## ABOUT THIS EXERCISE
The entries that follow must be given again exactly, with no pictures kept.

Segment Start: INFORMATION SUPPLIED

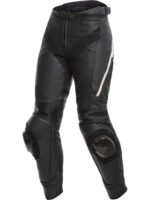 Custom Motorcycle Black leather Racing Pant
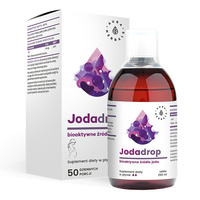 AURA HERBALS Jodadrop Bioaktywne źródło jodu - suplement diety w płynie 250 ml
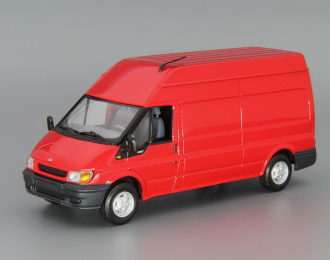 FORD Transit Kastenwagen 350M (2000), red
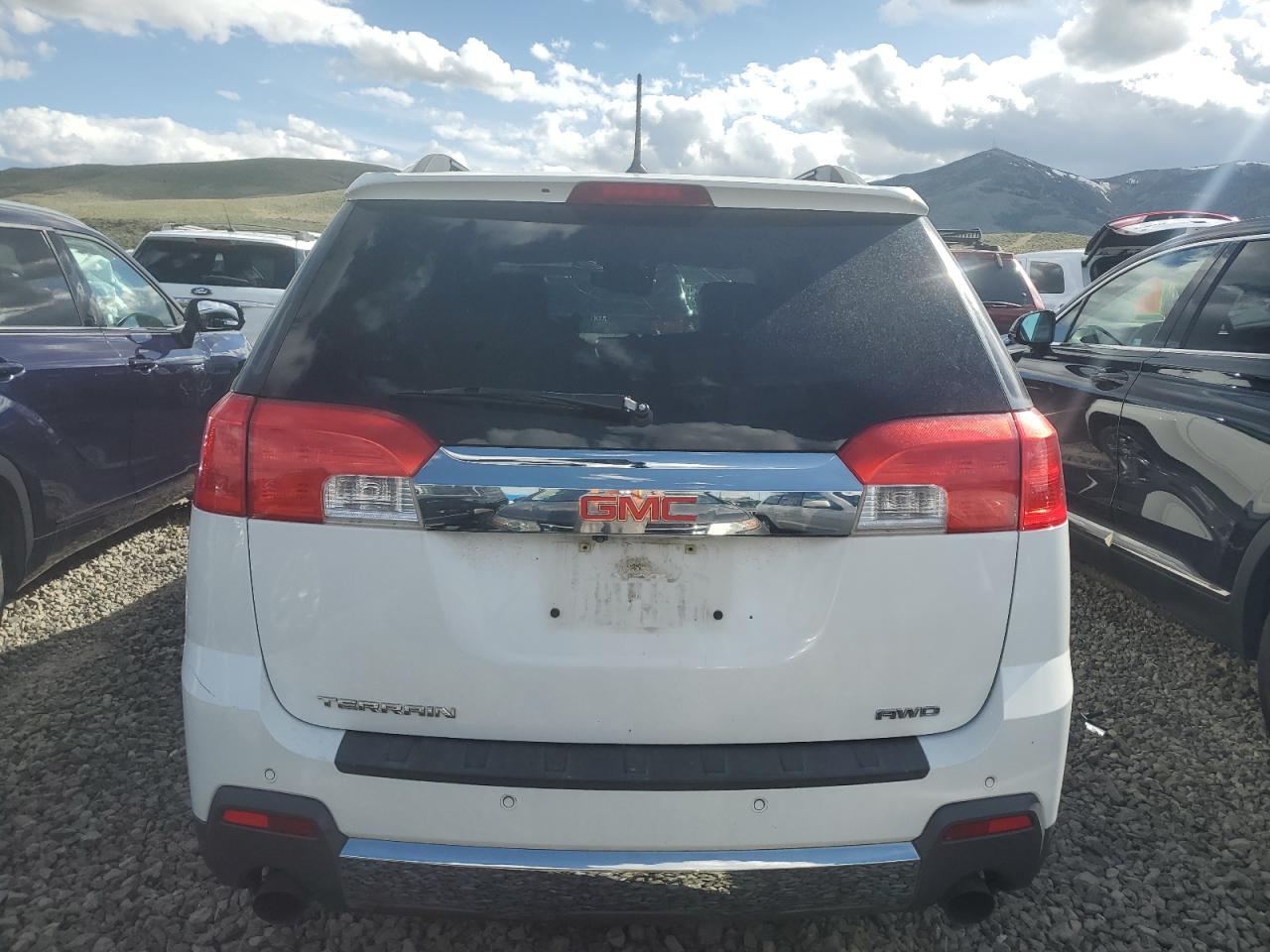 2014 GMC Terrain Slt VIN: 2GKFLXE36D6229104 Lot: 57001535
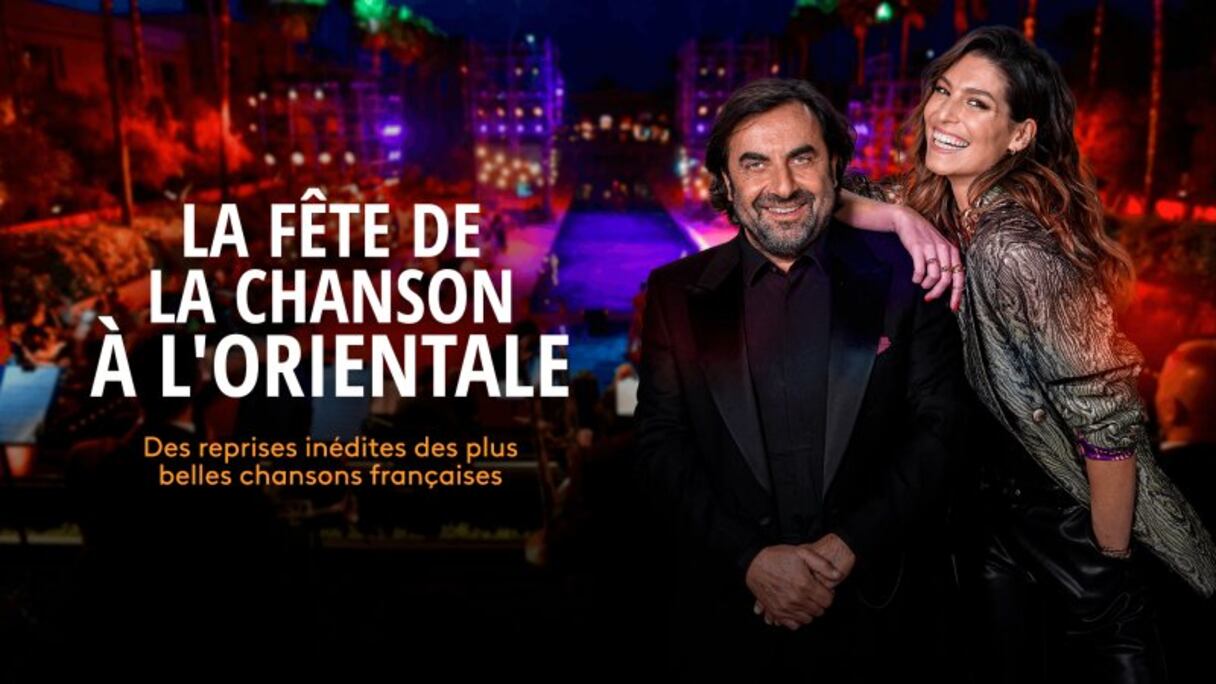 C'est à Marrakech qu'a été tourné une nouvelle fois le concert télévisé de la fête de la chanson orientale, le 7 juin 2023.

Segment End: INFORMATION SUPPLIED

## COMPLETED EXERCISE
 Custom Motorcycle Black leather Racing Pant
 AURA HERBALS Jodadrop Bioaktywne źródło jodu - suplement diety w płynie 250 ml
 FORD Transit Kastenwagen 350M (2000), red
 2014 GMC Terrain Slt VIN: 2GKFLXE36D6229104 Lot: 57001535
 C'est à Marrakech qu'a été tourné une nouvelle fois le concert télévisé de la fête de la chanson orientale, le 7 juin 2023.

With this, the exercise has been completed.